Supplementary Explanatory Memorandum

(Circulated by the authority of the Minister for Finance and Administration, Senator the Hon Nick Minchin)
Amendments to be moved on behalf of the Government

Schedule 7 - amendment of other acts

The amendments to Schedule 7 insert a new item 3 in Schedule 7 of the Bill. Item 3 provides a capital gains tax (CGT) roll-over (ie, effective deferral of any CGT liability) for the transfer of CGT assets as part of the restructure from the PSS Board to the trustee of a pooled superannuation trust. The roll-over applies automatically rather than by election.

The provision of the CGT roll-over reflects the fact that there will be no change in underlying economic ownership of the assets at transfer and also the special circumstance of the new superannuation arrangements for new employees that would reasonably characterise the CGT taxing-points arising from the restructure as involuntary.

Item 3 modifies the application of the Income Tax Assessment Act 1997 (ITAA 1997) but without changing the text of that Act.

[Schedule 7, subitem 3(1)]

Section 22 of the Superannuation Act 1990 (1990 Act) provides for the functions and powers of the Board as set out in the Trust Deed under that Act and includes the power to establish a pooled superannuation trust for the purposes of managing the assets of the PSS Fund. The Bill and the Superannuation Bill 2005 ensure that the PSS Board is able to perform functions and exercise powers in relation to the PSS, the PSS Fund, the PSSAP or the PSSAP Fund as appropriate without intending to reduce or limit the functions or powers that the Board held under the 1990 Act before its amendment by the Bill and the establishment of the PSSAP. The CGT rollover facilitates the PSS Board establishing a pooled superannuation trust that is used for investing the assets of the PSS Fund and the assets of the PSSAP Fund. [Schedule 7, subitem 3(1)]

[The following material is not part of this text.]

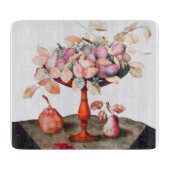 FRUIT VAN HET SEIZOEN / PRUIMEN, PEREN EN KERSEN SNIJPLANK (Voorkant)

The roll-over applies if all of the following conditions are met.

One or more CGT events (ie, CGT taxing-points) happen because the PSS Board as trustee of the PSS Fund ceases to hold all CGT assets of that fund.
Because of the cessation, CGT assets that, together, are identical to all of the CGT assets of the PSS Fund just before the CGT events happen start to be held by the trustee of a pooled superannuation trust.
The cessation is part of a scheme under which CGT assets of the PSS Fund are replaced with units in the pooled superannuation trust.

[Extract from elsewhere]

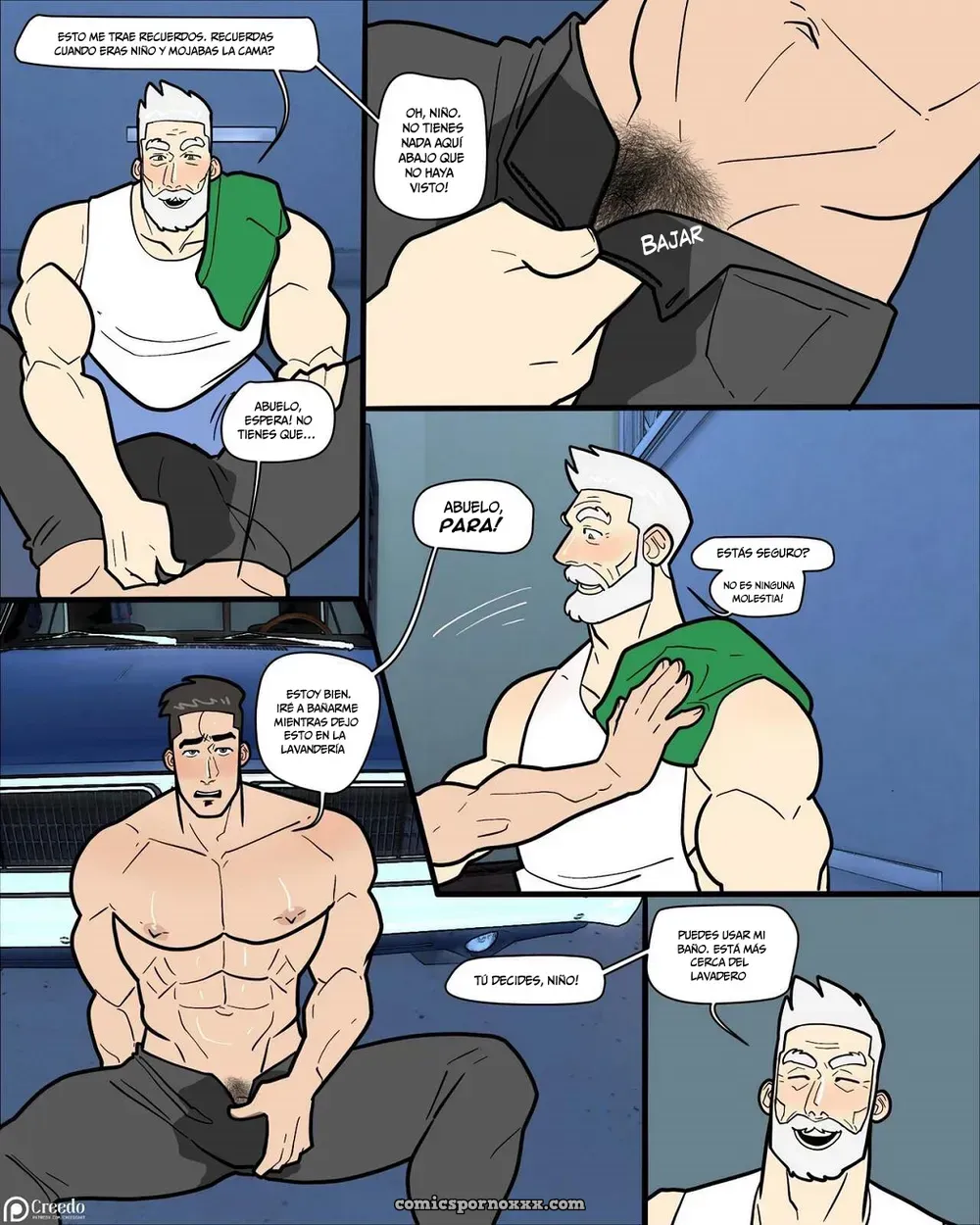 Carterverse – Gardener’s Hoe - Página 7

Bracketed words in paragraph 3(2)(b) ensure that the identical assets need not have been assets of the PSS Fund just before the CGT event. An example of where the bracketed words would be relevant is where the transferor entity owns units in a unit trust as investments and has them cancelled at its request followed by the issue of identical units to the transferee entity.

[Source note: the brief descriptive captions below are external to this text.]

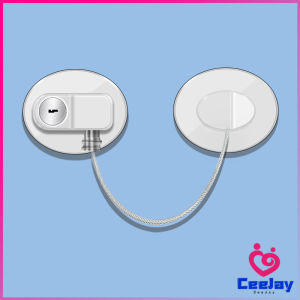 CeeJay อุปกรณ์ล็อคประตูตู้ ที่ล็อคตู้เย็น ลิ้นชัก มั่นใจในความปลอดภัยของเด็ก Child Safety Lock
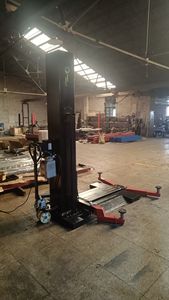 CE approuvé 2.5/<span class=keywords><strong>3T</strong></span> Mobile Single Post Hydraulique 1 Post Auto Hoist Car Lift Mobile Single Post Hydraulic Lift - Product Image 5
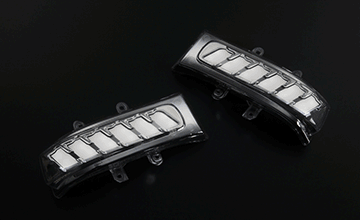 REVIER(レヴィーア) ヴェルファイア LEDパーツ LEDウインカーミラー・流星シーケンシャルウインカー 20系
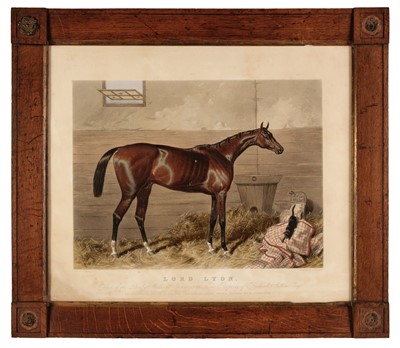 Lot 301 - Summers (W.). Lord Lyon. Winner of the Derby Stakes..., 1866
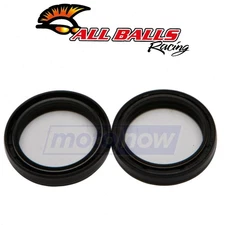 All Balls Fork Oil Seal Kit for 1995-2006 Kawasaki KDX200 - Suspension Fork fz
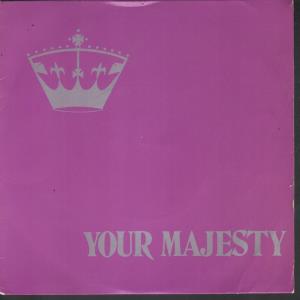Shirley Channack - Your Majesty - 7 Inch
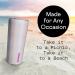 Corkcicle Tumbler 24 oz Triple Insulated Stainless Steel Travel Mug - Sparkle Unicorn Magic | BPA Free, Keeps Beverages Cold 9 Hrs, Hot 3 Hrs | 1 Count - Buy Online on GoSupps.com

A statutory note at the foot of subitem 3(2) explains that the transferee trustee may be the PSS Board and refers to subsection 960-100(3) of the ITAA 1997. Subsection 960-100(3) provides that a legal person can have a number of different capacities in which the person does things and that, in each of those capacities, the person is taken to be a different entity for the purposes of the ITAA 1997. [Schedule 7, subitem 3(2)]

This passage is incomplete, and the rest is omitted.